Crude oil futures slumped nearly 2 percent on Wednesday as weak economic data from Europe, China and the United States painted a sombre outlook for global oil demand. An unexpected heavy drawdown in US crude stockpiles failed to staunch the day's decline spurred by weak demand in a German bond auction, which stirred concerns the eurozone debt crisis would worsen, and a sharp slowdown in China's factory activity.
The euro fell and the dollar rose on the near fiasco for the German bond sale, prompting investors to trim risky holdings in commodities such as oil and copper. By 2:40 pm EST (1940 GMT), ICE January Brent futures traded in London dropped $1.79 to $107.24 a barrel, having fallen to a session low of $106.82. Brent crude has weakened for the sixth day out of seven.
US January crude settled $1.84 lower, or 1.88 percent, at $96.17, after skidding to a session low of $95.35. US crude has fallen for the fourth time in five sessions. Brent's premium against US crude slid slightly, to around $10.80, after hitting $11.02 on Tuesday. Trading volumes were light, with US dealings down 42 percent from the 30-day average, ahead of the Thanksgiving Day holiday on Thursday, according to Reuters data. Brent crude volume was off 30 percent from the 30-day average.
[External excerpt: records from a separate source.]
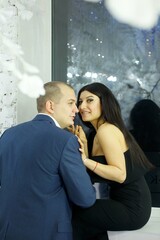 A young couple in a room decorated for Christmas or New Year.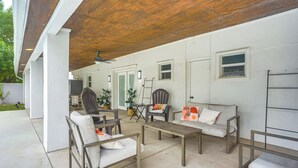 Un patio al aire libre con techo de madera, paredes blancas y un conjunto de asientos que incluye sillas y un sofá.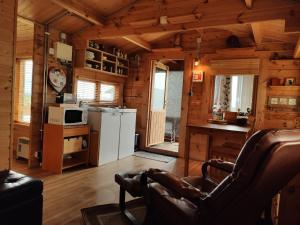 Sala de estar de una cabaña de madera con sofá y cocina en Cosy Cabin by Lake & Woods with Views, en Selfoss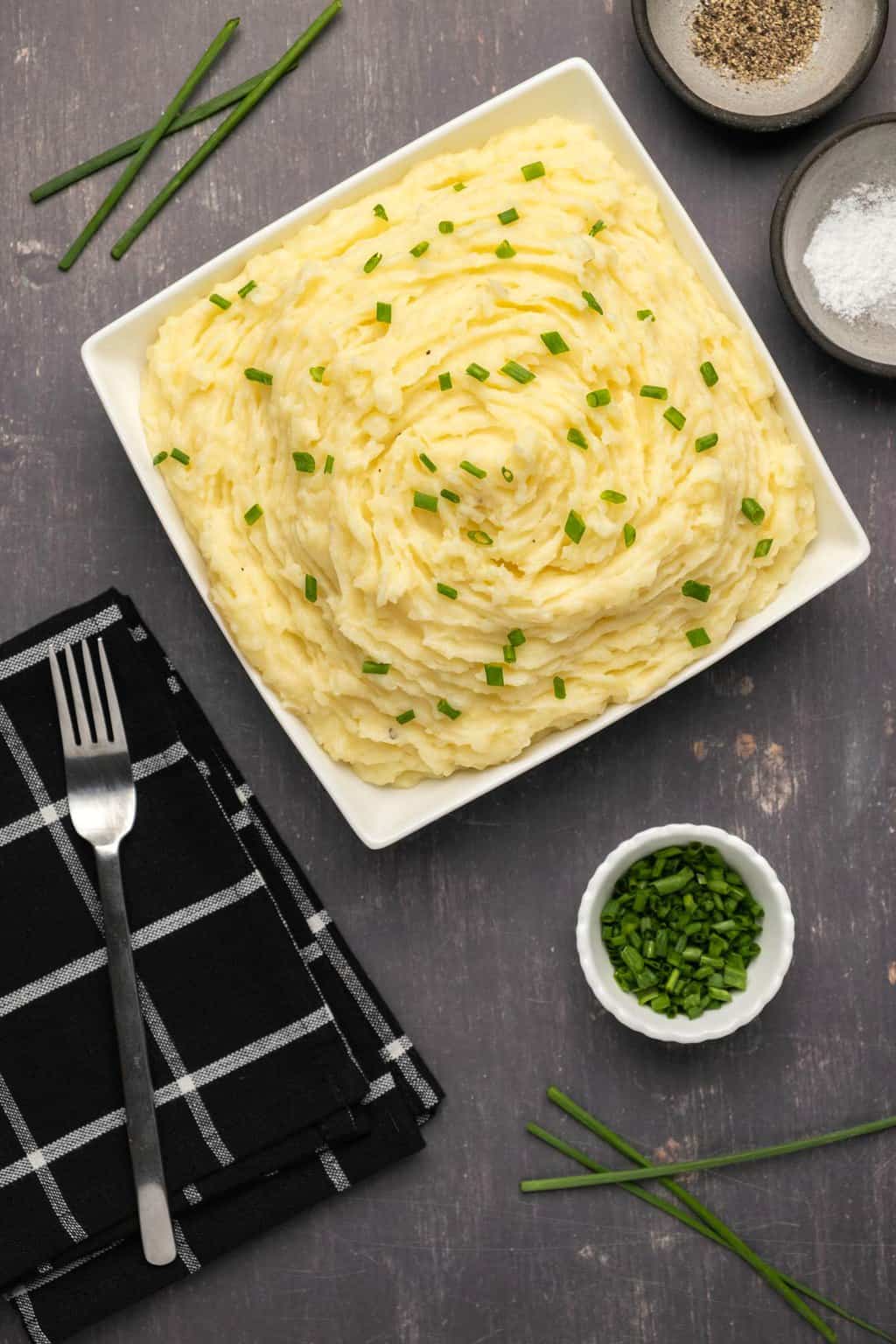 Purée de pommes de terre végétalienne garnie de ciboulette hachée dans un plat blanc. 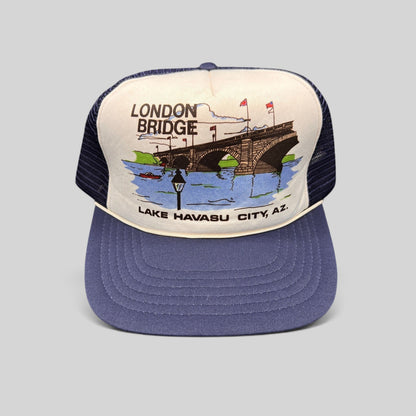 Raree Finds vintage 80s navy and white foam trucker hat featuring a London Bridge Lake Havasu City graphic print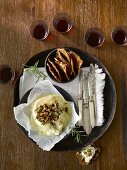 Brie topped with chopped nuts and rosemary served with fruit crisps red wine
US crude inventories fell a whopping 6.22 million barrels last week, going against the forecast in a Reuters poll for a 500,000-barrel increase, while gasoline stocks rose much more than expected, by 4.5 million barrels, data from the US Energy Information (EIA) showed.
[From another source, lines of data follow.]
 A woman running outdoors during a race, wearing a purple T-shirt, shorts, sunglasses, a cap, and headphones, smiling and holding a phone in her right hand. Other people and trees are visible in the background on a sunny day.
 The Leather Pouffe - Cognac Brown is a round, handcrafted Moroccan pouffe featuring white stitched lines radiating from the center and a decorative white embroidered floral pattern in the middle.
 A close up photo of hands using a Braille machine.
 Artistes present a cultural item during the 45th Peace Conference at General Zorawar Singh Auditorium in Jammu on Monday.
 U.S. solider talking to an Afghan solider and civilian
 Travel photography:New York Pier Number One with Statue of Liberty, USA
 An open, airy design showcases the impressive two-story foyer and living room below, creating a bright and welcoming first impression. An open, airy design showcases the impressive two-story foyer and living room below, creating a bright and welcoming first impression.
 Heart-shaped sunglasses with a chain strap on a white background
"The large crude oil drawdown and low level of imports gives the report a supportive tone, but the gasoline inventory build and the continuing trend of lackluster demand trumps the crude data," said John Kilduff, a partner at Again Capital LLC in New York. The wobbly oil markets have caused J.P. Morgan Chase & Co to lower its Brent and US crude price forecasts for next year. It downgraded commodities to "underweight" due in part to economic uncertainty in Europe and the United States and signs of weaker growth in China. The bank forecast that US crude, also known as West Texas Intermediate, would fall to $107 per barrel, from its previous forecast of $110; while it saw Brent dipping to $112, from $115.